## Setting up the test

It probably doesn’t come as a surprise, for presenting quantitative test results we need to define and set up the actual test. There are a ton of ways to approach gathering usability results. A way to gather quantitative data is questionnaires.

### Measuring usability quantitatively

Usability questionnaires have gathered the attention of researchers for years. Almost whichever we end up picking it will result in some sort of scale (a number) from “completely unusable” to “completely usable”. Picking the best questionnaire is something that we will only slightly discuss here, as it deserves a post for itself. But to sum up, there are different questionnaires that try to work around an inevitable truth “one cannot measure everything with one question”.

The System Usability Scale is pretty accurate at identifying the usability of a given system, whether the 10 questions it needs to measure that are a lot, depends on the research context. UMUX-Lite just uses 2 questions, but lacks a bit in accuracy [2]. Other questionnaires, like Net Promoter Score, come with their own trade offs.

In this example we will use the System Usability Scale (SUS), as it is one of the most researched [1], and others usability questionnaires scores can be projected to its scale with good accuracy [2].

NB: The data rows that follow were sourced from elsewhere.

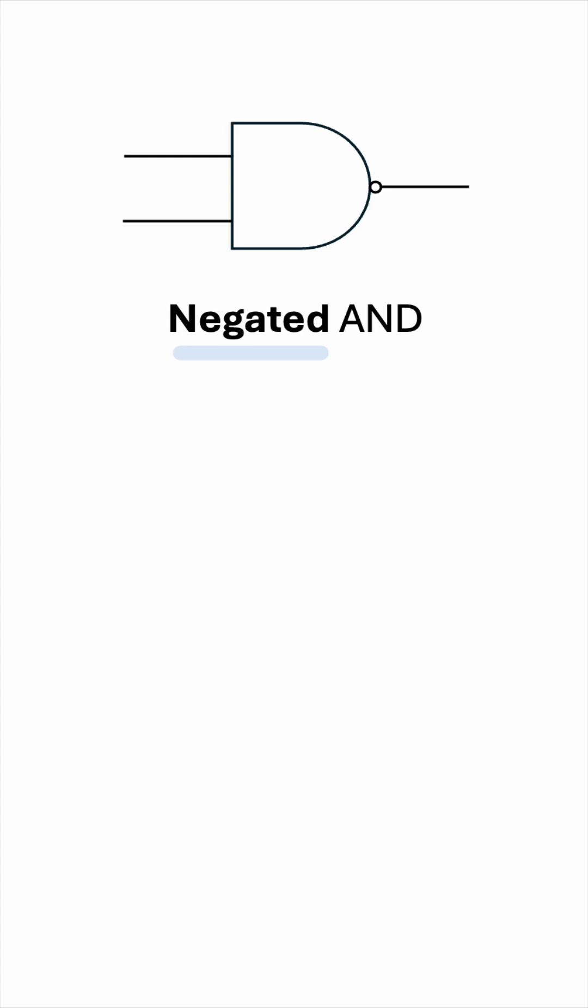This negation is indicated using this little circle, which is a characteristic of the inverter we saw in Part 1.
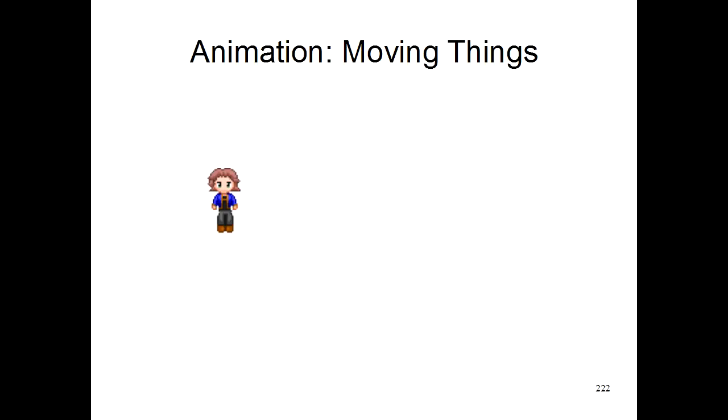So now let's cover how to do animation on a computer. Basically we're going to look at how to move things around on your computer screen.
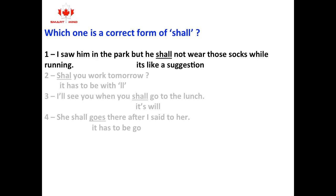In option one, 'he shall not wear' — 'shall' is used as a suggestion or strong statement. Option two, 'shall you work tomorrow?' — 'shall' must be spelled with a double L. Option three, 'I'll see you when you shall go to lunch' — 'you shall go to lunch' is not correct here. Option four, 'she shall goes there' — it should be 'shall go,' not 'shall goes.'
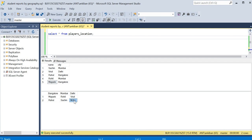So the thing is, for each city it is possible that the number of players are different, because in Delhi we have only one, for Bangalore and Mumbai we have two each. We can have three in Bangalore also, so we have to write a query in such a way that it will accommodate all the permutations and combinations.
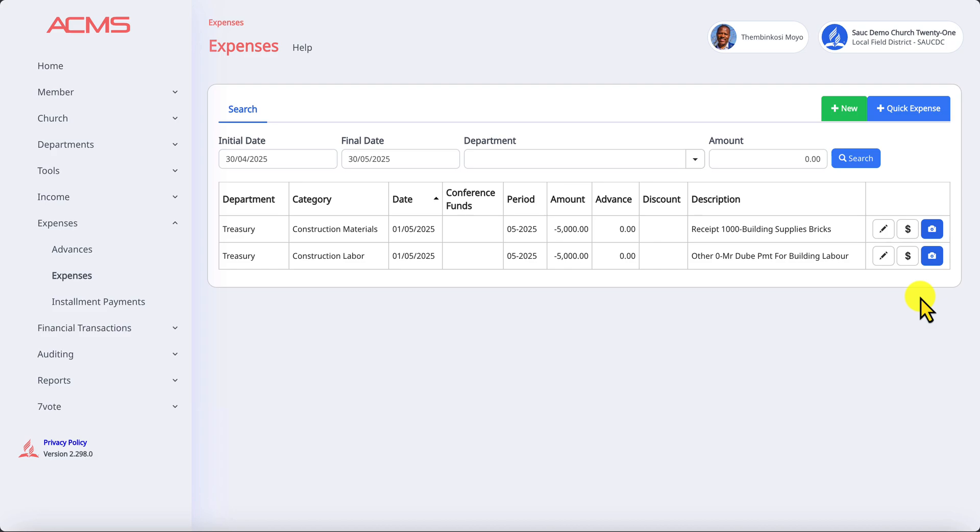So this is a much easier and faster way of recording your expenses. I hope you enjoy these two ways of recording expenses. Have a good day, thank you.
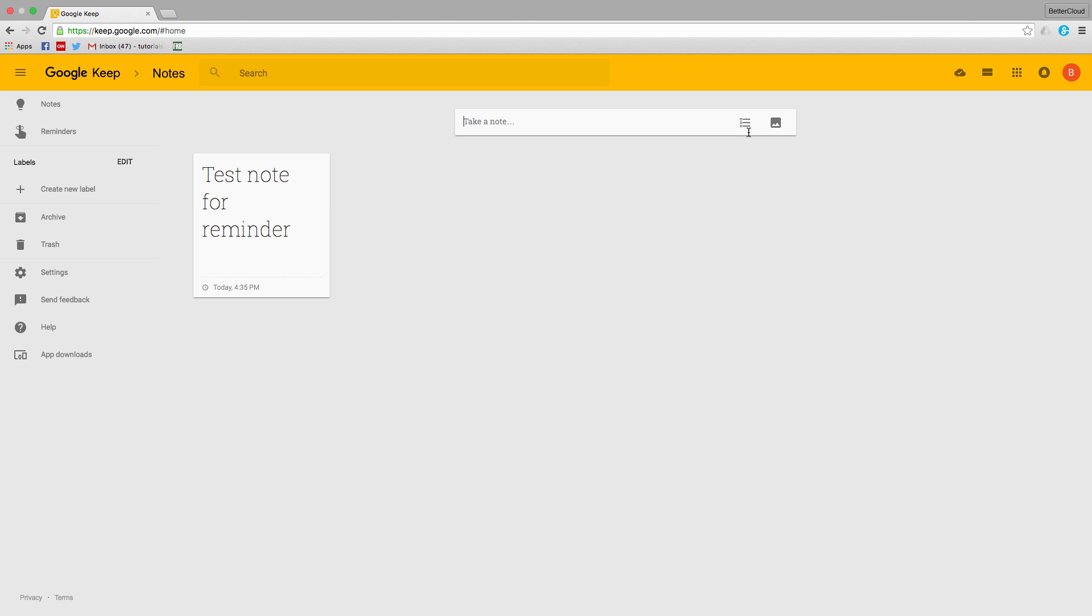However, if you make a note about something that is particularly important, you may want a way to call attention to its contents a little ways down the road. This is where the reminder feature comes in very handy.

### Understanding the optimal number of participants

Depending on the questionnaire chosen, different guidelines exist. In case of SUS we can follow the diagram below .

#### Define goals

There is a relation of cost-to-accuracy in each usability test we want to perform. Getting from 75% to 100% requires 4 more users (50% increase in cost). At times, 75% percent would be enough; others 100% accuracy is needed. Still even if we use 75%, there are ways to present the information with 100% accuracy. More on that later.

#### Uncover limitations

Using a questionnaire to assess usability of a system doesn’t come without its pitfalls. A usability score doesn’t show where the problem lies. Scores are comparable between one system, and even if a system has way higher usability than another; the only comparison is about which of the two systems is more usable, not by how much. The size of the system plays a role as well, small systems tend to create stricter scores [4].

## Presenting the results

So, we have defined the process we want to test and created the experiment (instructions, mockups, redirections, etc.). Found the participants, they have gone through it, and they have answered the questionnaire as well.

### Presenting based on target accuracy

If the end accuracy is 100%, then presenting is straight forward. However, if the target accuracy was some other number below 100%, or we didn’t get enough participants (to reach 100%), let’s discuss two ways to present the results.

#### Present in ranges to improve accuracy

Eventually what a score with low accuracy means is: “we are not sure about the exact usability score, but it should be around x”. The problem that we want to solve then is, how to find the “how around x it is”.

To calculate that, let’s imagine that we wanted to achieve 100% accuracy in our SUS questionnaire, but we got 10 participants. We know that 10 participants resulted in 80% accuracy (see image above). The SUS score that we got is 63.5. So, “we are not sure about the exact usability score, but it should be around 63.5”.

In order to reach 100% accuracy we need 2 more people, in total 12. Let’s first examine the worst case scenario:

Two more participants appeared —magically— and they both rated the system as “completely unusable”, both giving a 0 out of 100 score.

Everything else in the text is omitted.